Methods We performed WGS on 353 matched tumor-normal pairs from 294 MGUS, SMM, NDMM, and RR MM patients (median coverage: 64× tumor, 34× normal). Ig loci were profiled using IgCaller, which utilizes split-read and discordant-pair evidence to reconstruct V(D)J junctions, detect abnormal class-switch recombination (CSR) events, and call chromosomal translocations. Variant calling was performed via the harmonized Myeloma Genome Pipeline 1000. Our workflow, shmCaller (https://github.com/pblaney/shmCaller), was applied to sorted compartments to quantify and track SHM fingerprinting across lineages. Thirteen patients underwent flow sorting into hematopoietic and B-cell subsets: HSCs, multipotent progenitors (MPPs), lymphoid-primed MPPs, pre/pro-B cells, naïve B cells, memory B cells, normal plasma cells, and malignant plasma cells (MPCs), with an immunophenotyping panel (CD34, CD38, CD10, CD19, CD45RA, CD90, CD27, CD56, CD117 and CD138) and each fraction underwent 100x whole-exome sequencing (WES) with a uniform pipeline.

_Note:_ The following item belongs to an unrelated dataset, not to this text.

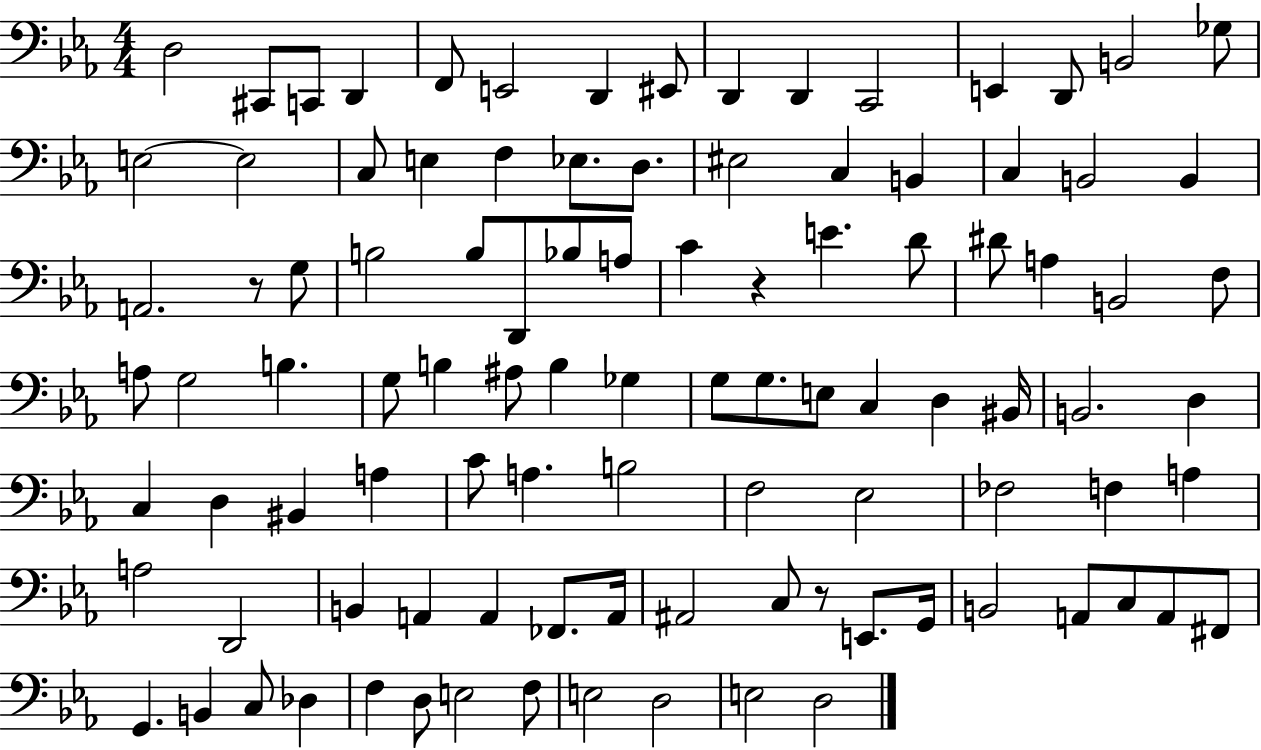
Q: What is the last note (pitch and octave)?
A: D3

Results Productive V(D)J rearrangements were detected in 82% of cases: IGH+IGK (35%), IGH+IGL (15%), IGK only (18%), IGL only (8%), and IGH only (6%). V, D, and J gene usage (e.g., IGHV3-30, IGKV1-5, IGLV1-40) showed no major differences across MGUS, SMM, and MM. Canonical translocations were found in 43% of cases: t(11;14) (21%), t(4;14) (12%), t(8;14) and t(6;14) (3% each), t(14;16) and t(14;20) (2% each), with breakpoints mapped to IG constant and VDJ regions. Novel non-canonical rearrangements were detected: IGH to 11q13.4 (13%), 19p13.3 (PIP5K1C, 9%), 19p13.11 (2%), and IGK to 20q11.21 upstream of BCL2A1 (14%). Intraclonal SHM analysis of IGHV sequences revealed variable mutation burdens across MGUS, SMM, and MM. Productively rearranged IGHV cases exhibited diverse SHM patterns. Several cases showed additional mutations within dominant Ig clones, consistent with ongoing or reinitiated SHM, potentially driven by GC reentry or persistent chromatin accessibility.

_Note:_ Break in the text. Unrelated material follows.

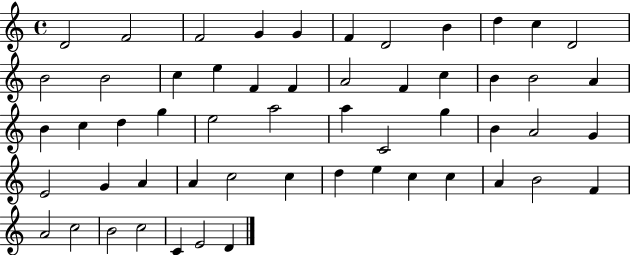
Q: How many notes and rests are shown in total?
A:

We also performed low-input WES across all flow sorted compartments. Preliminary analysis revealed cases with mutational burden restricted to MPCs and others with shared mutations in bone marrow-confined pre-GC populations. One SMM case harbored a pathogenic TP53 L137Q mutation across HSCs, MPPs, and MPCs, consistent with possible early acquisition in a precursor selectively contributing to PC differentiation. These findings suggest that initiation of transformation events may arise at multiple stages of hematopoietic development, informing models of clonal evolution, disease persistence, and potential relevance of clonal hematopoiesis of indeterminate potential to MM pathogenesis. Additional high-depth sorting and sequencing are underway and will be integrated into the final analysis to refine the temporal and lineage context of MM transformation.
Conclusion Our integrated analysis of Ig rearrangements, SHM patterns, and lineage-resolved sequencing supports a model in which multiple myeloma originates from clonal events across hematopoietic development, from early progenitors to differentiated B-cell compartments. While malignant transformation likely occurs later within the plasma cell lineage, early driver mutations in stem-like cells and ongoing SHM activity underscore the complexity of clonal evolution. These findings highlight the need to define lineage-specific vulnerabilities and temporal dynamics throughout the myeloma disease course.